Shotgun Metagenomics

Author:Menachem Sklarz
Affiliation:Bioinformatics Core Facility
Organization:National Institute of Biotechnology in the Negev, Ben Gurion University.

A workflow for executing various analyses on metagenomics data.

The workflow uses two approaches:

  1. Analysis of the raw reads and
  2. assembly of the reads and analysis of the assembled contigs.

Developed as part of a study led by Prof. Jacob Moran-Gilad.

Steps

  1. Analysis of the raw reads with:
    • kraken2
    • metaphlan2
    • kaiju
    • HUMAnN2

    The output from the former three programs is also plotted with krona.

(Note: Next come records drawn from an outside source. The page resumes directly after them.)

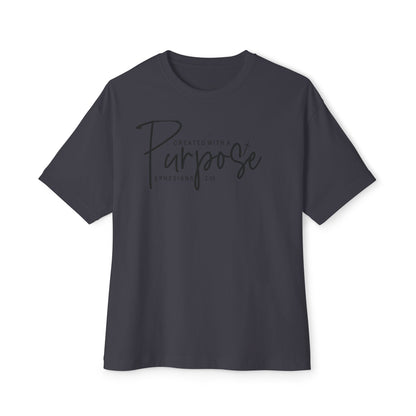Boxy Tee — “Created With Purpose” Minimal Script Graphic Shirt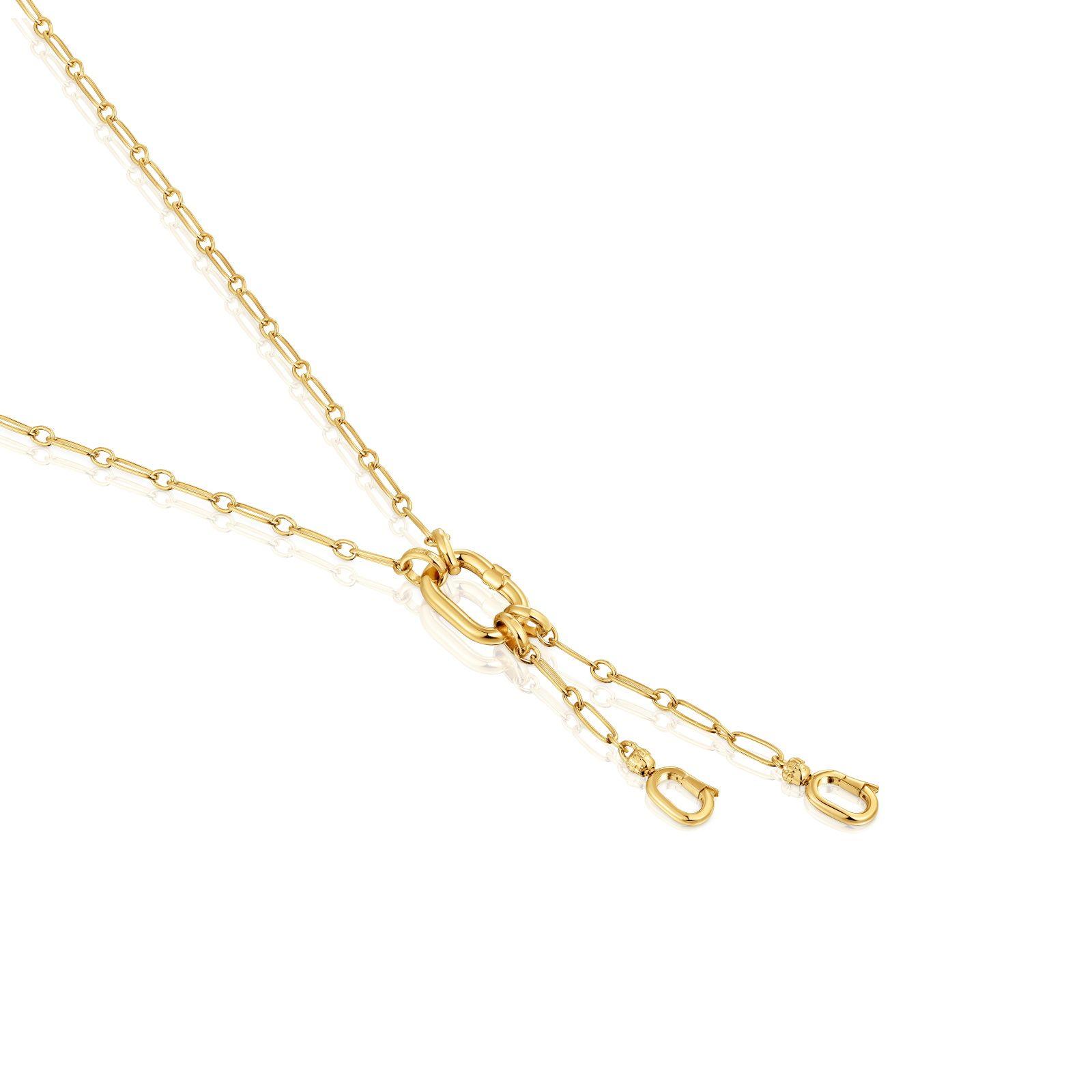 Collar corto oro 18 kt c/colgante doble y anilla Hold Oval-2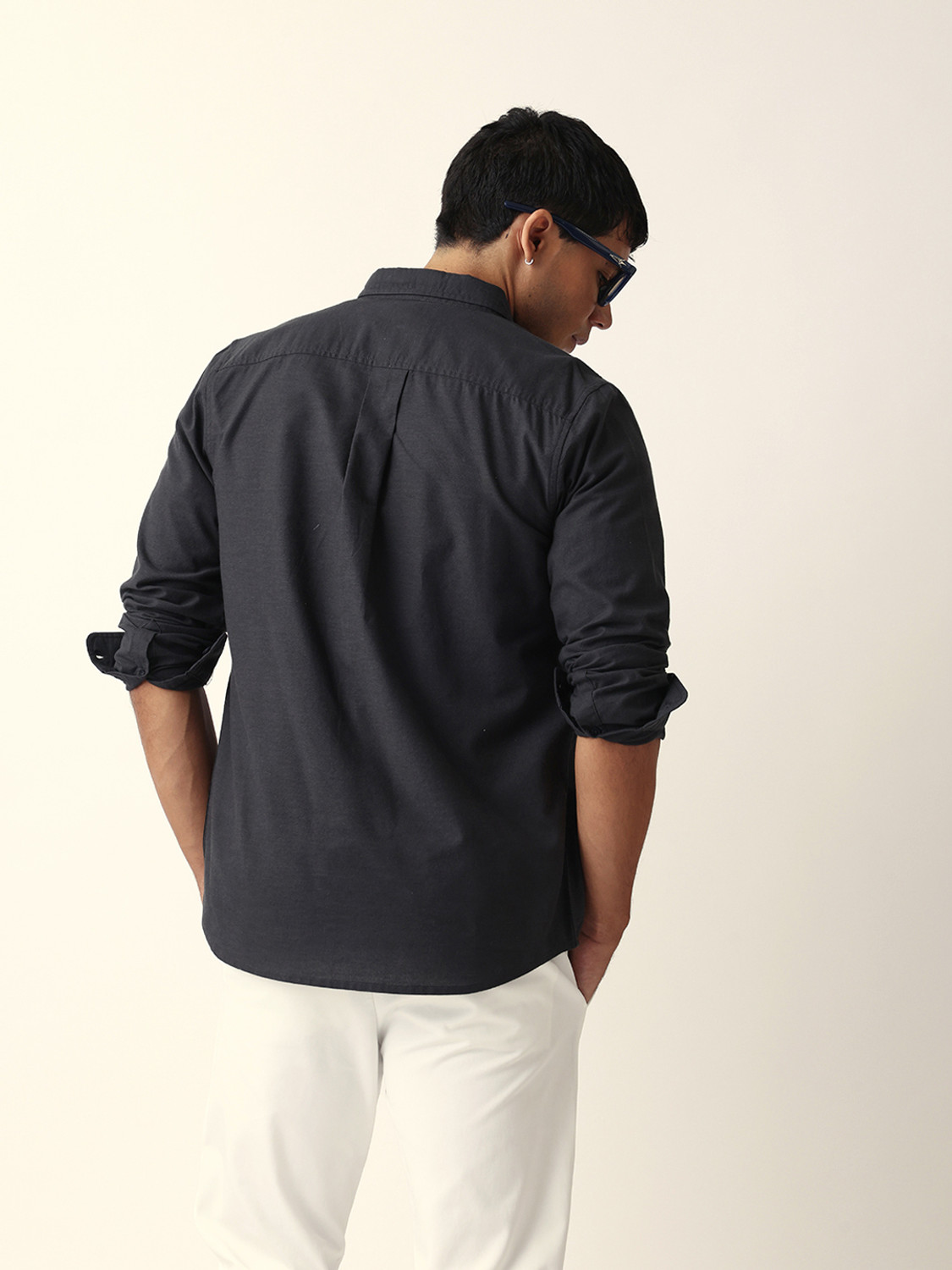 Image of THE BEAR HOUSE Men Solid Casual Black Shirt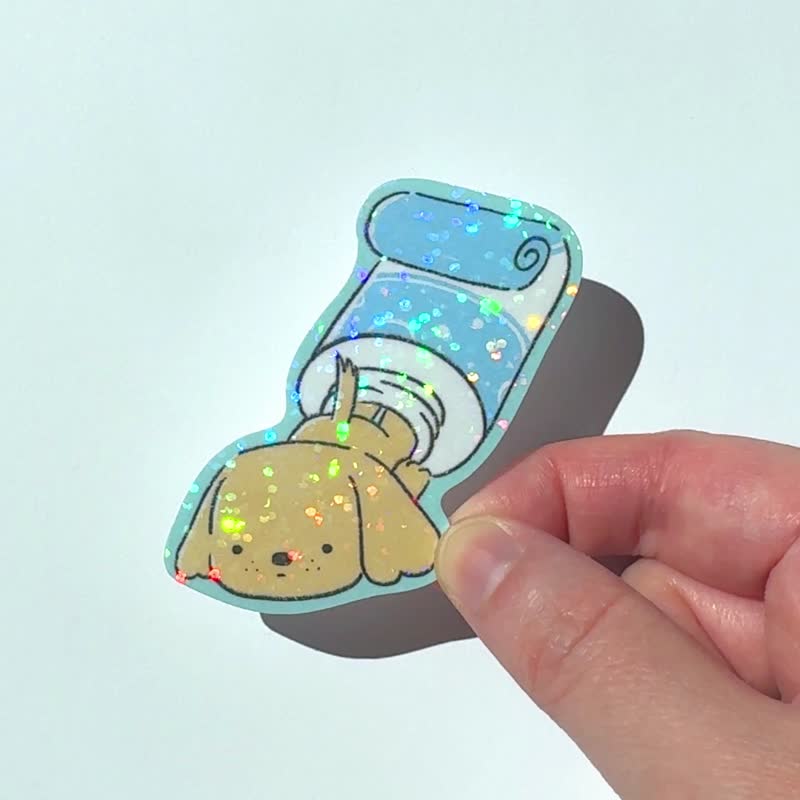 Holographic Waterproof Die Cut Sticker - Toothpaste - Stickers - Waterproof Material 
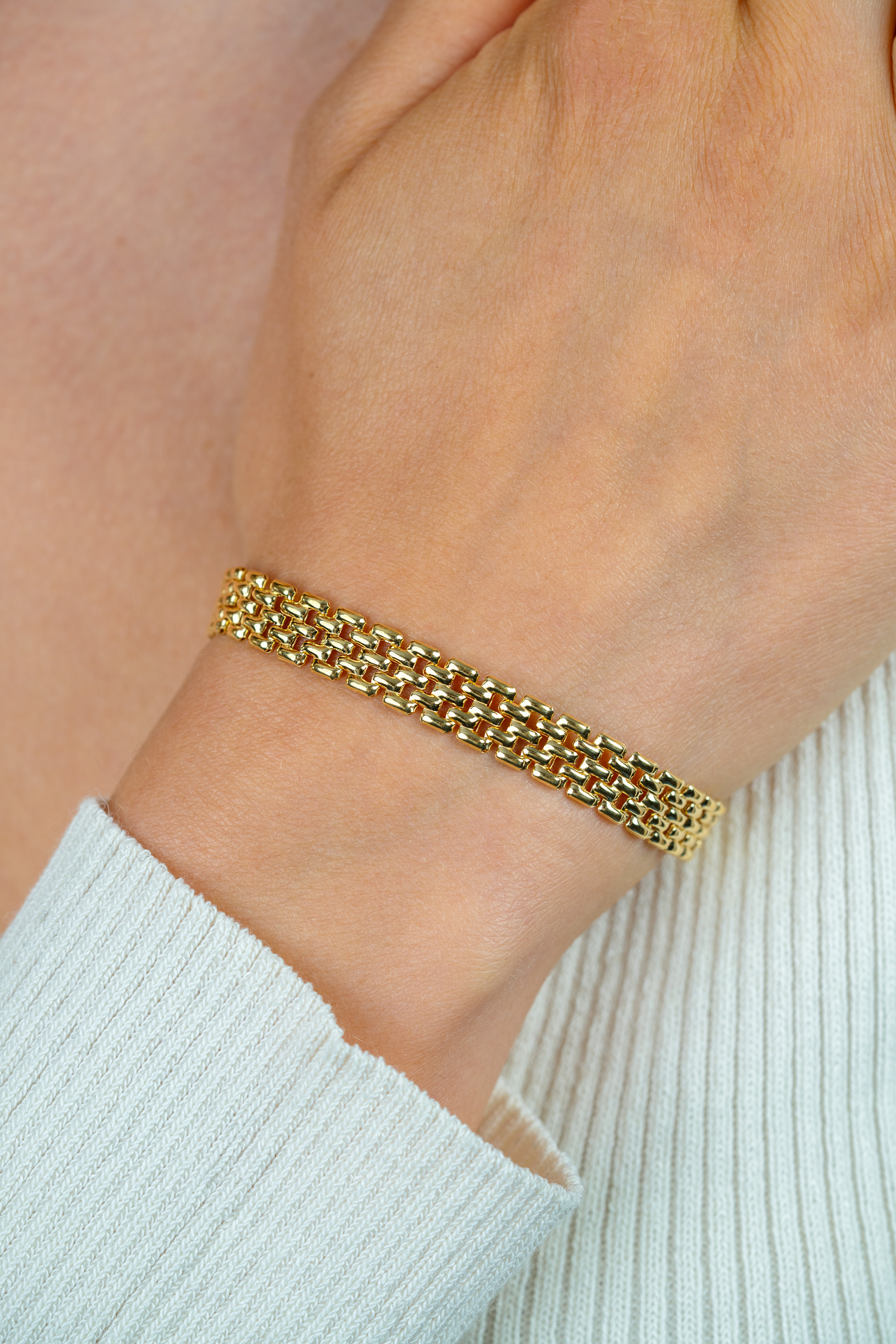 ZINZI Gold Plated Sterling Silver Bracelet Rolex-style Chain width 8mm 16,5-20cm ZIA2289G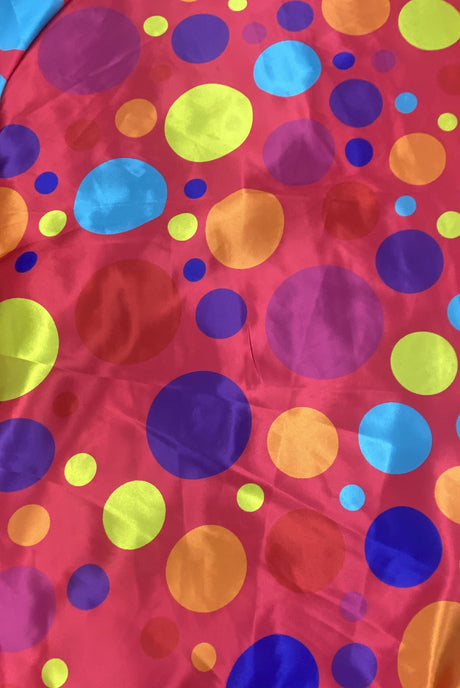 Multi Color Dots Polyester Satin Fabric - Red Multi Color Dots, 58" Width (1 Yard)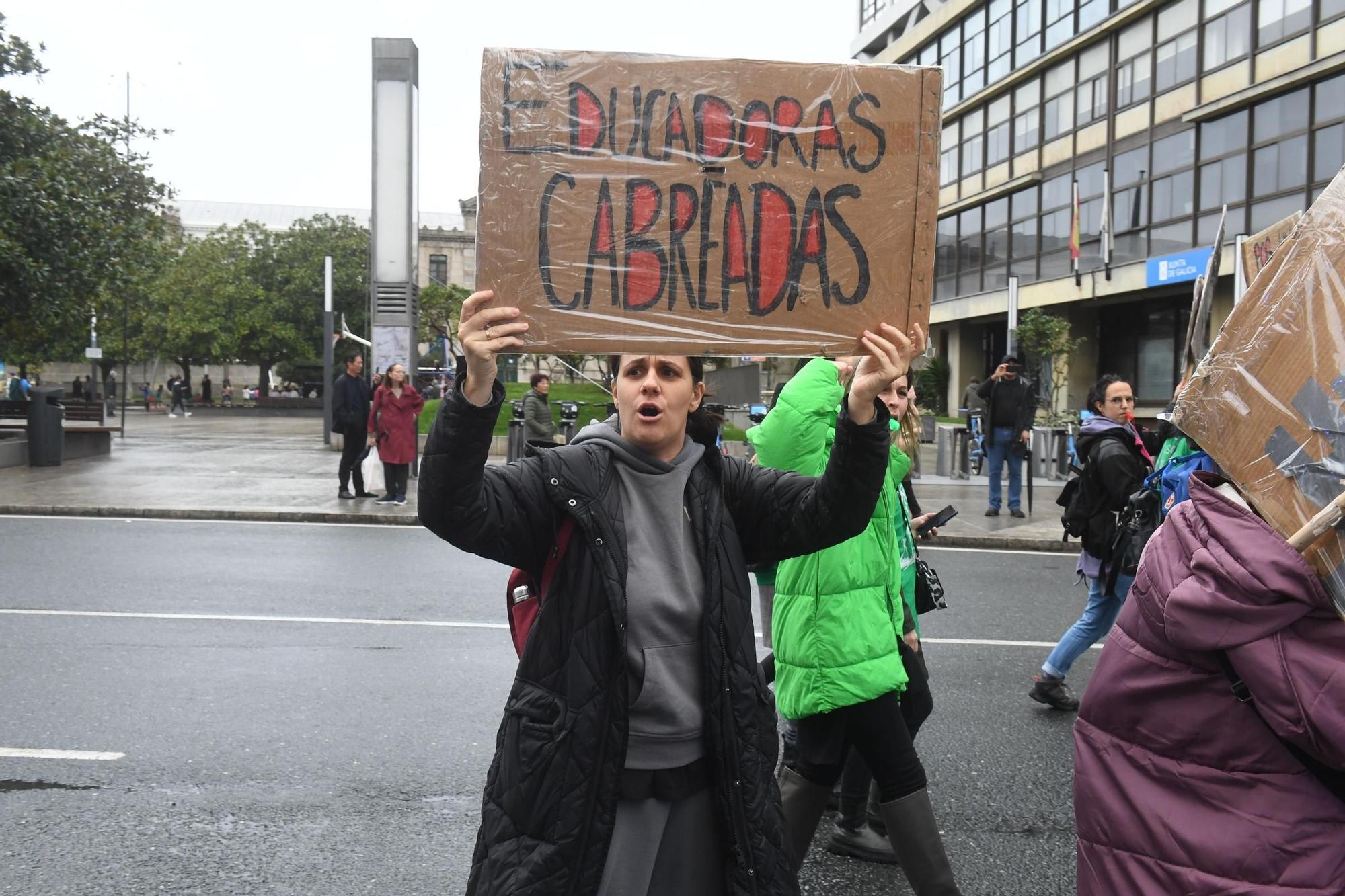 Manifestación de trabajadores de escuelas infantiles de A Coruña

  2. Assembly and analysis of the assembled reads:
    1. Assembly is done per-sample with spades.
    2. The assemblies are quality-tested with quast.
    3. Assemblies are annotated with Prokka.
    4. Antibiotic resistance is determined with CARD_RGI.
    5. Not included. Resistance and virulence can also be determined by BLASTing AR and virulence databases against the assemblies. See module BLAST.

Requires

fastq files. Paired end or single-end.

Programs required

All the programs used in this workflow can be installed with conda. See section Quick start with conda.

Example of Sample File

Title       Metagenomics

#SampleID   Type    Path    lane
Sample1     Forward /path/to/Sample1_F1.fastq.gz 1
Sample1     Forward /path/to/Sample1_F2.fastq.gz 2
Sample1     Reverse /path/to/Sample1_R1.fastq.gz 1
Sample1     Reverse /path/to/Sample1_R2.fastq.gz 2
Sample2     Forward /path/to/Sample2_F1.fastq.gz 1
Sample2     Reverse /path/to/Sample2_R1.fastq.gz 1
Sample2     Forward /path/to/Sample2_F2.fastq.gz 2
Sample2     Reverse /path/to/Sample2_R2.fastq.gz 2

Download

The workflow file is available here

Quick start with conda

For easy setup of the workflow, including a sample dataset, use the following instructions for complete installation with conda:

  1. Download the conda environment definition file:

    You can download the Metagenomics_conda.yaml file here, or programatically with:

    curl -LO https://raw.githubusercontent.com/bioinfo-core-BGU/neatseq-flow-modules/master/docs/source/_extra/Metagenomics_conda.yaml
    
  2. Create and activate a conda environment with all the required programs:

    conda env create -f Metagenomics_conda.yaml
    source activate Metagenomics
    
  3. Create a sample file. It should look like the following, only the file names should be replaced with absolute file names:

    Title   Trinity_example
    
    #SampleID       Type    Path
    Sample1 Forward 00.Raw_reads/reads.left.fq.gz
    Sample1 Reverse 00.Raw_reads/reads.right.fq.gz
    

    Tip

    To get the full path to a file, use the following command:

    readlink -f 00.Raw_reads/reads.left.fq.gz
    
  4. Create a directory for your databases. Save the location of the directory in $DBDIR.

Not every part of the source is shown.